**Solution to Abstract Algebra by Dummit & Foote 3rd edition Chapter 1.6 Exercise 1.6.3**

If $\varphi : G \rightarrow H$ is an isomorphism, prove that $G$ is abelian if and only if $H$ is abelian. If $\varphi : G \rightarrow H$ is only a homomorphism, what additional conditions on $\varphi$ (if any) are sufficient to ensure that if $G$ is abelian, then so is $H$?

Solution: Let $\varphi : G \rightarrow H$ be a group isomorphism.

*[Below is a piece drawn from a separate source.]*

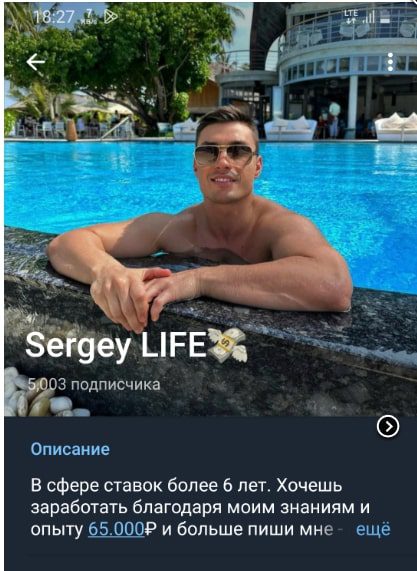 Sergeylife Tut мошенник телеграмм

($\Rightarrow$) Suppose $G$ is abelian, and let $h_1,h_2 \in H$. Since $\varphi$ is surjective, there exist $g_1, g_2 \in G$ such that $\varphi(g_1) = h_1$ and $\varphi(g_2) = h_2$. Now we have $$h_1 h_2 = \varphi(g_1) \varphi(g_2) = \varphi(g_1 g_2) = \varphi(g_2 g_1) = \varphi(g_2) \varphi(g_1) = h_2 h_1.$$ Thus $h_1$ and $h_2$ commute; since $h_1, h_2 \in H$ were arbitrary, $H$ is abelian.

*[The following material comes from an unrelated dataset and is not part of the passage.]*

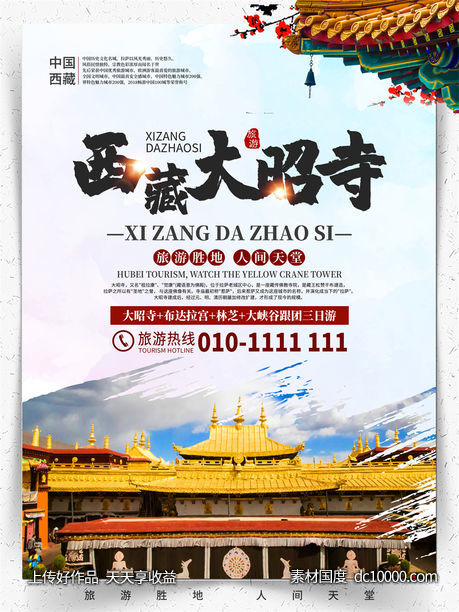 旅游新疆西藏云南海南三亚城市景点旅行活动宣传海报-源文件-素材国度dc10000.com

($\Leftarrow$) Suppose $H$ is abelian, and let $g_1, g_2 \in G$. Then we have $$\varphi(g_1 g_2) = \varphi(g_1) \varphi(g_2) = \varphi(g_2) \varphi(g_1) = \varphi(g_2 g_1).$$ Since $\varphi$ is injective, we have $g_1 g_2 = g_2 g_1$. Since $g_1, g_2 \in G$ were arbitrary, $G$ is abelian.

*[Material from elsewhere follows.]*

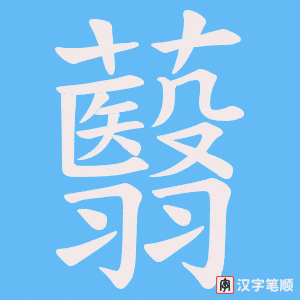 蘙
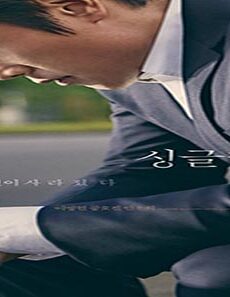 فيلم Single Rider 2017 مترجم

Note that in the proof of ($\Rightarrow$) above, we only needed to use the surjectivity of $\varphi$. So in fact the image of any surjective group homomorphism from an abelian group is abelian. Similarly, in the proof of ($\Leftarrow$) above we only used injectivity; thus the source of any injective group homomorphism to an abelian group is abelian.